The New York Times
October 1, 2004

U.S. Denies Cuban Scholars Entry to Attend a Meeting

By NINA BERNSTEIN
 
The Bush administration has denied entry to all 61 Cuban scholars scheduled to participate in the Latin American Studies Association's international congress in Las Vegas next week, deeming them "detrimental to the interests of the United States."

The last-minute move, which comes on the heels of new restrictions on travel by Americans to Cuba, is provoking anger and dismay among leading American academics, who called it an unprecedented effort to sever scholarly exchanges that have been conducted since 1979.

Darla Jordan, a spokeswoman for the State Department, said that the decision reflected the stricter policies toward Cuba announced last year by President Bush as a strategy to hasten the end of Fidel Castro's government. Citing 68 members of the opposition in Cuba who remain in prison there after being arrested in 2003, she said, "We will not have business as usual with the regime that so outrageously violates the human rights of the peaceful opposition."

But organizers of the conference, to be held next Thursday through Saturday, said they learned of the denial only on Tuesday, after months of assurances by State Department officials that the visas were on track. Those rejected include poets, sociologists, art historians and economists, among them a professor who was a visiting scholar at Harvard last fall and others who have frequently lectured at leading American universities.

"This is attacking one of the fundamental principles of academic life in the United States, which is freedom of inquiry, " said Marysa Navarro, a historian at Dartmouth who is president of the association, the world's largest academic organization for individuals and institutions that study Latin America. "I asked when was the decision made, and I was told that it was very recent and it was very high up, so it was either the secretary of state or the White House."
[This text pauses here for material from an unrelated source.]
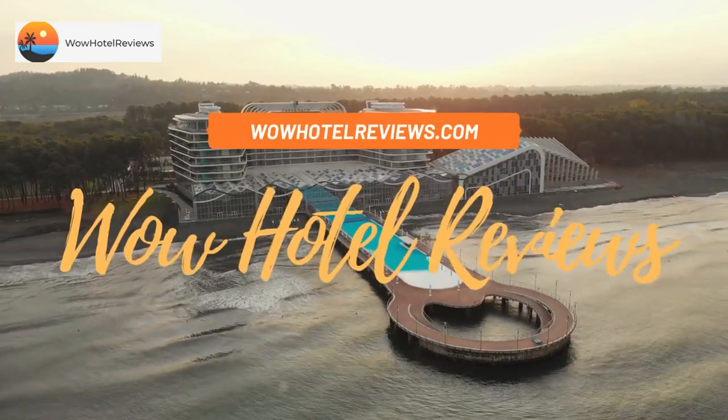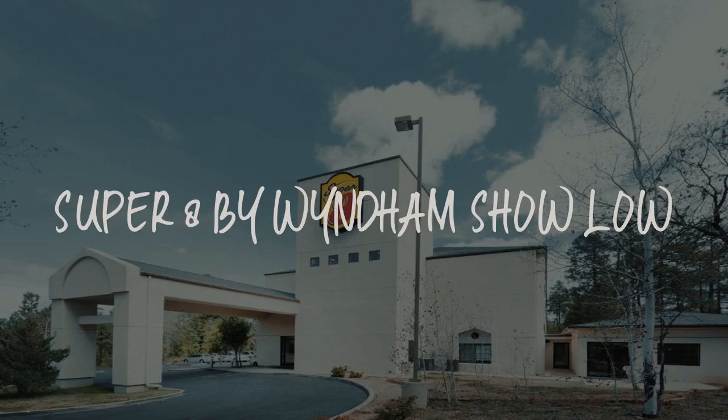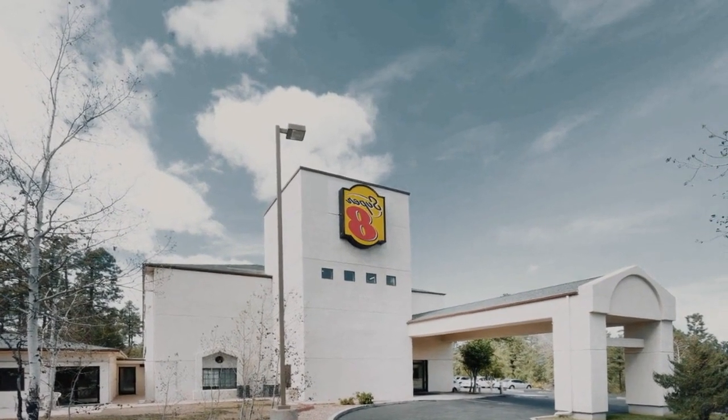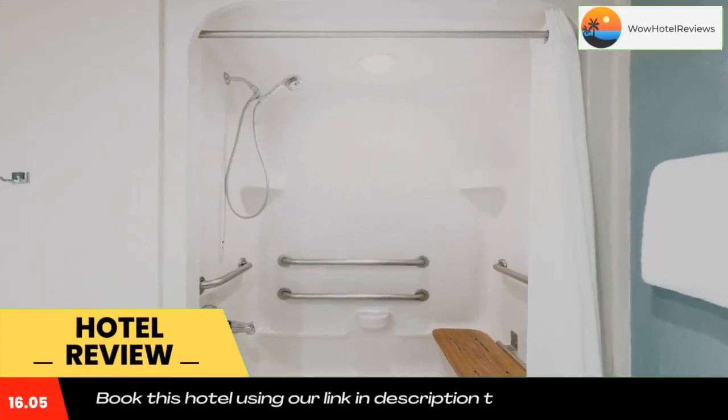Hello guys, welcome to Wow Hotel Reviews. Today I am reviewing Super 8 by Wyndham Show Low. It's a two-star hotel. Please use our Booking.com link in the description to book the hotel and get good pricing.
"It's an election year," she added, "and I think we're being held hostage to satisfy that sector of the U.S. electorate which is against any kind of relations with Cuba."

The Bush administration has undertaken tough measures against Cuba in the pre-election season that administration officials say are intended to help establish Cuba as a democratic free-market state. But critics say the measures are chiefly devised to strengthen the incumbent's backing among Cuban-Americans in Florida, a swing state.

"Restricting access of Cuban academics to the United States is consistent with the overall tightening of our policy," Ms. Jordan said, noting that Cuban academic institutions are state run. "Our policy is not about restricting academic exchanges or freedom of expression. It is the Castro regime that does that through its restrictive issuance of passports and exit permits only to those academics on whom it can rely to promote its agenda of repression and misrepresentation about Cuba and the United States."

But this characterization of the invited Cuban academics was angrily rejected by John Coatsworth, director of the David Rockefeller Center for Latin American Studies at Harvard. "I can tell you with a certainty that that's a lie," Professor Coatsworth said, noting that among the scholars denied visas are five contributing authors to a book on the Cuban economy in the early 20th century, which the center is publishing next month.

He said that one, Omar Everleny Pérez Villanueva, who was a visiting scholar at Harvard last fall, even wrote his dissertation on the benefits of direct foreign investment in Cuba.

"They are honest, they're courageous, they do superb work," Professor Coatsworth said. "These are the kind of people who let the Soviet Union become Russia. This policy of restricting people-to-people contacts only benefits those who would benefit from violent change instead of a peaceful transition."

Professor Navarro said that the United States had not imposed blanket restrictions on scholars from other countries where political dissidents are jailed. Among the presenters at the conference are four scholars from China who apparently had no difficulty with visas, she said.

Though 75 percent of the association's 5,000 members live in the United States, its international congress, held every 18 months, draws participants from all over the world. Forty-five sessions out of 600 will have to be canceled, organizers said, including panels on contemporary Cuban poetry, gender in Cuban literature, and Cuban agriculture.

The message it confirms to the rest of the world, said Kristin Ruggiero, a historian who directs the Center for Latin American and Caribbean Studies at the University of Wisconsin, Milwaukee, "is that the borders are closing."